Air, Pocket Symphony (Astralwerks). After spending a couple of albums trying to broaden their palette, the French duo of Nicolas Godin and Jean-Benoit Dunckel have gone back to their original color scheme, and thank goodness. On Pocket Symphony, up-tempo and mid-tempo are one and the same, and beauty is accompanied by a distinctive chill. The result is a breath of fresh Air.
-- Michael Roberts

Elliott Brood, Ambassador (Red Eye Distribution). If Jane's Addiction singer Perry Ferrell had dropped acid and joined a band in San Francisco instead of moving to L.A., there's a good chance that whatever music he went on to create would have sounded something like the output of Canada's Elliott Brood.
-- Brandon Daviet

Damiera, M(us)ic (Equal Vision Records). There are few things more enjoyable than an album that slaps you in the face as soon as it hits the speakers. Formed in frigid Buffalo, New York, Damiera delivers an assault so unrelenting that it almost makes the album's ridiculous title forgivable.
-- Daviet Saliva, Blood Stained Love Story (Island). "Ladies and Gentlemen," this disc's first cut, is goofy enough to suggest that these nu-metal vets aren't hopelessly stuck in the past -- but two songs later, "Never Gonna Change," an assembly-line power ballad whose name should be taken literally, quashes such hopes with extreme prejudice. Love Story means having to say you're sorry.
-- Roberts

Various Artists, Ed Banger Records Volume 1 (Vice Records). Something about the digital-only release of this CD speaks to its quickly faded pleasure.

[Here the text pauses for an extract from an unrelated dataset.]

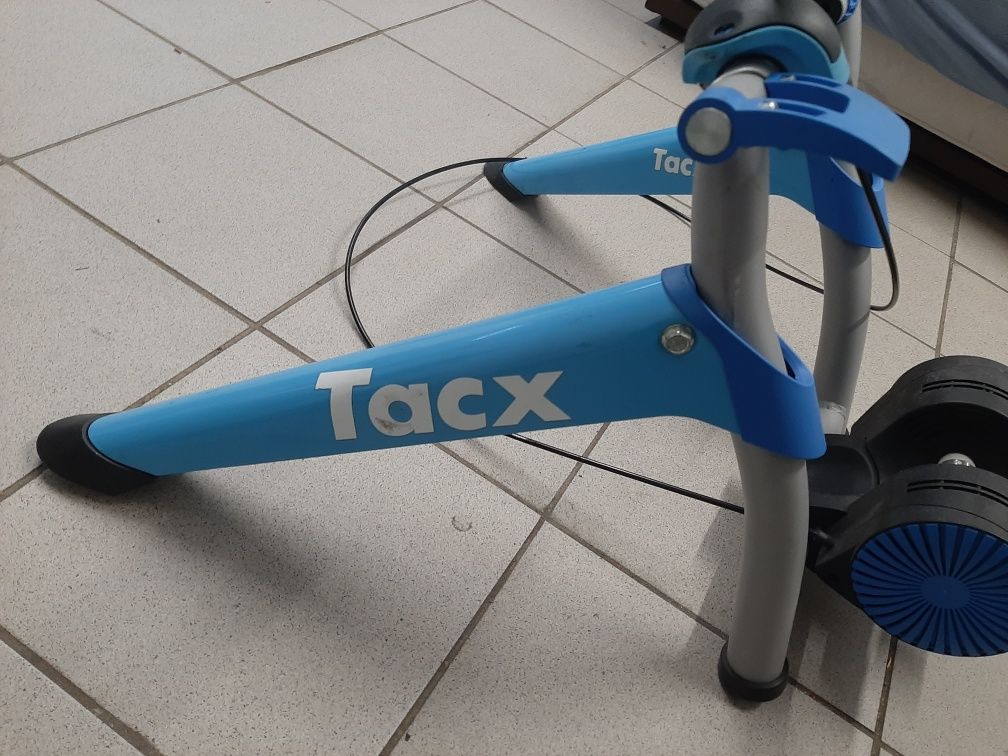 Trenażer rowerowy  TACX BOOSTER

Brought together by the much-touted French glitch-hop-and-electronic label Ed Banger, the compilation blends into one extended stammer of squelching synths and beats cut in so many stuttering false-start stitches that the only way to dance to it would be to induce seizure.
-- Terry Sawyer

Various Artists, We All Love Ennio Morricone (Sony Classical). It's a valiant endeavor to have a vastly dissimilar cast of musicians pay tribute to maestro Morricone, but sandwiching Metallica between Andrea Bocelli and Yo-Yo Ma is downright disturbing. While this project attempts to showcase the diversity of Morricone's followers, putting them all on a single disc is far too ambitious.